[Provided data]
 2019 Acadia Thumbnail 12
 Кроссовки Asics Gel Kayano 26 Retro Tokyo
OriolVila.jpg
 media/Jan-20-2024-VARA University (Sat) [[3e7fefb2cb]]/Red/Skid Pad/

...

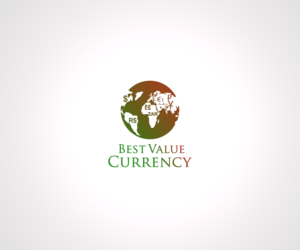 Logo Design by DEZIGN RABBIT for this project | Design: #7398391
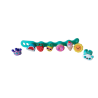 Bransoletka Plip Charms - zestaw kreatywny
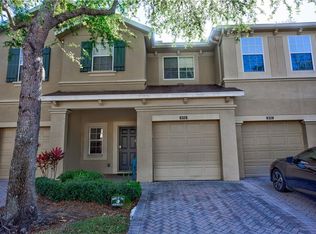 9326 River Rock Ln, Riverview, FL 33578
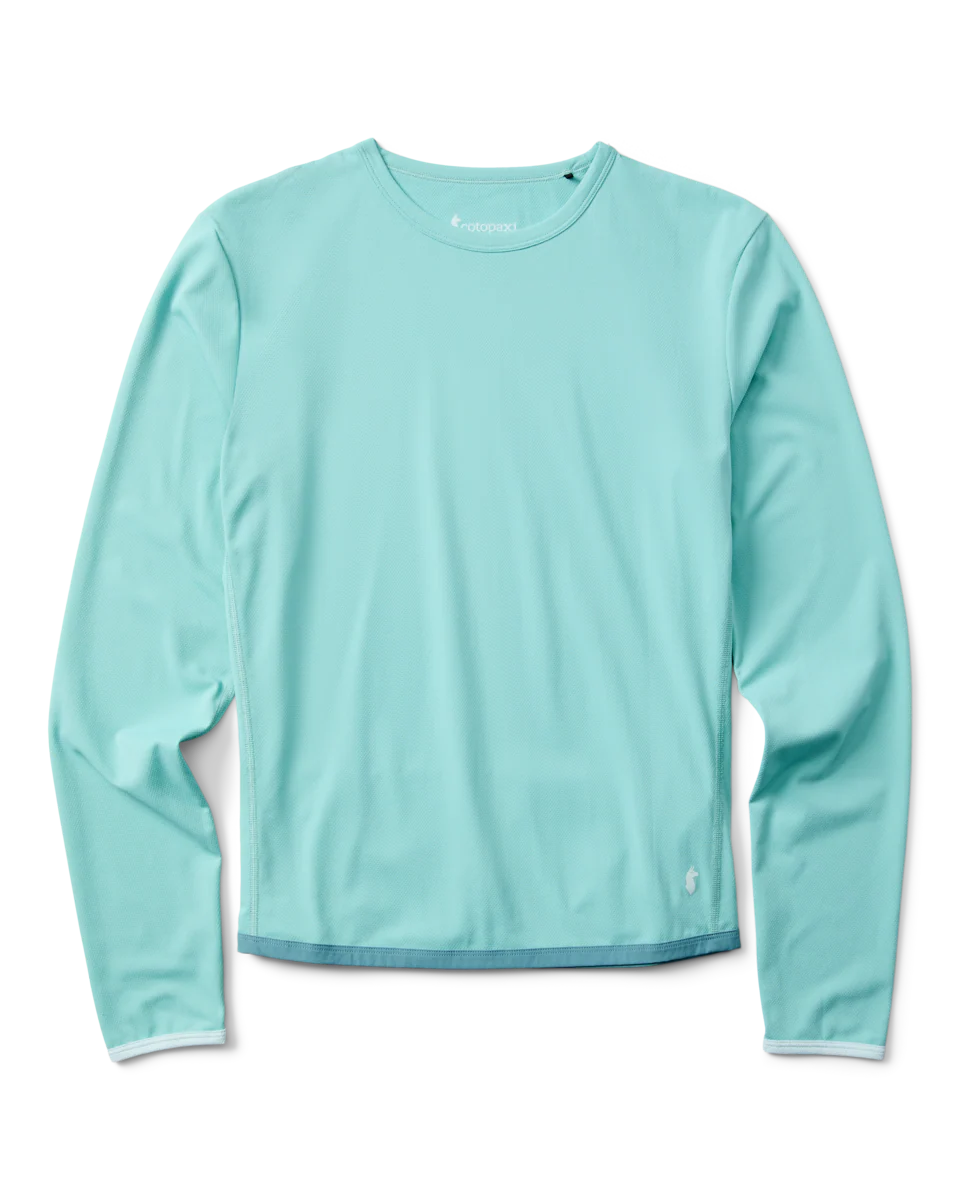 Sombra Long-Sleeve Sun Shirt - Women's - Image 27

* * *

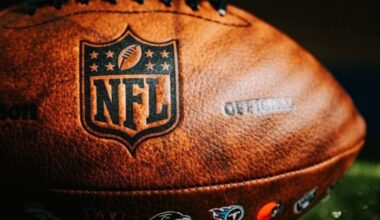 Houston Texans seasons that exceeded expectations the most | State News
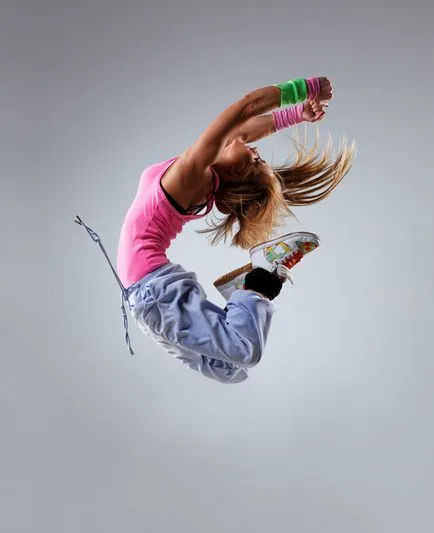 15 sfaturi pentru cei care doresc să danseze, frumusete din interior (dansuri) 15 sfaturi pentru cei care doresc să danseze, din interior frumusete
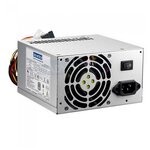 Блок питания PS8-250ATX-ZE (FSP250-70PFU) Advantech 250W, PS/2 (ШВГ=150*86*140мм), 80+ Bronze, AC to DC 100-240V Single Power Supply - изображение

[Your assignment]
From the records above, extract exactly and only the lines that begin at the line with "Кроссовки Asics Gel Kayano 26 Retro Tokyo" and stop after the line with "media/Jan-20-2024-VARA University (Sat)".

[Result of the exercise]
 Кроссовки Asics Gel Kayano 26 Retro Tokyo
OriolVila.jpg
 media/Jan-20-2024-VARA University (Sat) [[3e7fefb2cb]]/Red/Skid Pad/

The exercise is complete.